Las
barreras del equilibrio son a veces indefinidas. Tanto como aquello que separa
a un mal menor de un mal mayor. Es cierto que el alma se debate constantemente
entre el cielo y el infierno sin saberlo. Opta por decisiones que esconden tras
el telón motivos bien diferentes a los nuestros.
Algo
así ocurre en nuestra mente. Descansamos de nosotros mismos y nos damos cuenta entonces
de cuanta presión contenemos; cuanto nos esforzamos por no ver aquello que
sabemos que no conviene a nuestras decisiones pasajeras. Y sin darnos cuenta,
esas decisiones tomadas a saltos y de reojo, contaminan el espectro de
posibilidades en el que se proyecta nuestra efímera existencia material.
Es
cierto que ablandarse no mejora el resultado y las briznas de hierbas que
rozamos, son ya suficiente para delatar su presencia a nuestro tacto. No es
preciso apretarlas, romperlas o arrancarlas. Tan solo susurrarles, desde la
piel, que estamos ahí para que el eco de nuestra llamada reciba su efectiva y
rápida respuesta.
En
ese roce sutil suficiente descansa la metáfora de nuestro discurrir silencioso
por la vida.

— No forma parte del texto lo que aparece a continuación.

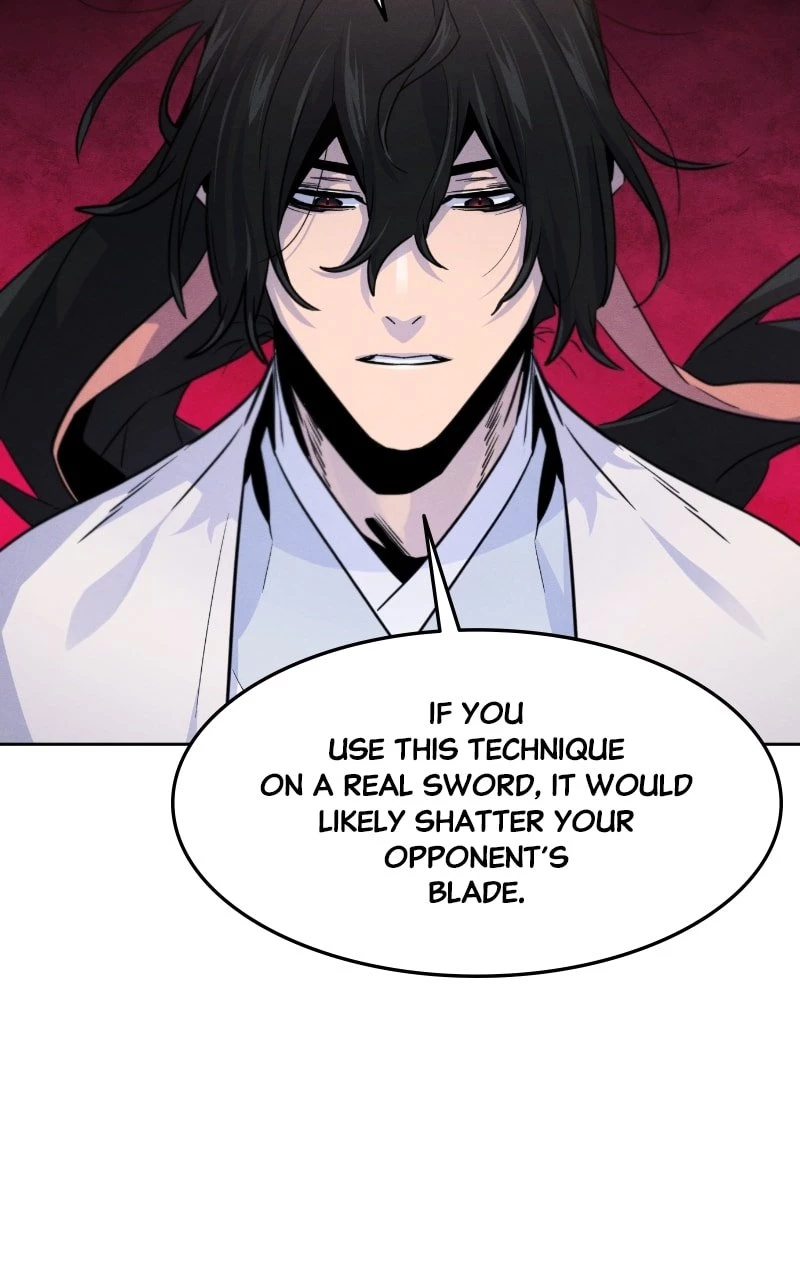 Return of the Mad Demon Chapter 114 - 76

Una vida que nos invita a florecer para después cortar nuestros
pétalos más sugerentes, siempre cuando menos lo esperamos. Una invitación al
resplandor que debemos obviar conocedores de sus dobles intenciones. La masa es
tenaz y su hálito mediocre hace agacharse desde abajo en sus miserias a todo
aquello que pretende alcanzar los rayos de sol que le delaten. El cielo también
se confabula con esta bajeza imperante en el mundo de los humanos.
Lo
hace ayudando a que prolifere la oscura inmundicia de los que se revuelcan en
el fango de la indecisión permanente por desidia. Ayuda a que crezca el
desorden propio de quienes no ordenan su interior por sistema. De los que han
decidido que no pueden decidir, una curiosa ironía solo invisible para quienes
tienen los ojos cubiertos de liviandad.
Es
por esto que el alma pura debe permanecer en el silencio de sus sombras para
que la brea de lo popular, investida de la autoridad falsa y putrefacta de la
mayoría, no le arruine el sentir delicado que pretende cuando mira hacia
arriba.
Es
por esto que el sabio, el que ha hecho el camino de conocerse y ha vuelto con
las alforjas vacías, discrimina cuidadoso en qué territorios expande su morada.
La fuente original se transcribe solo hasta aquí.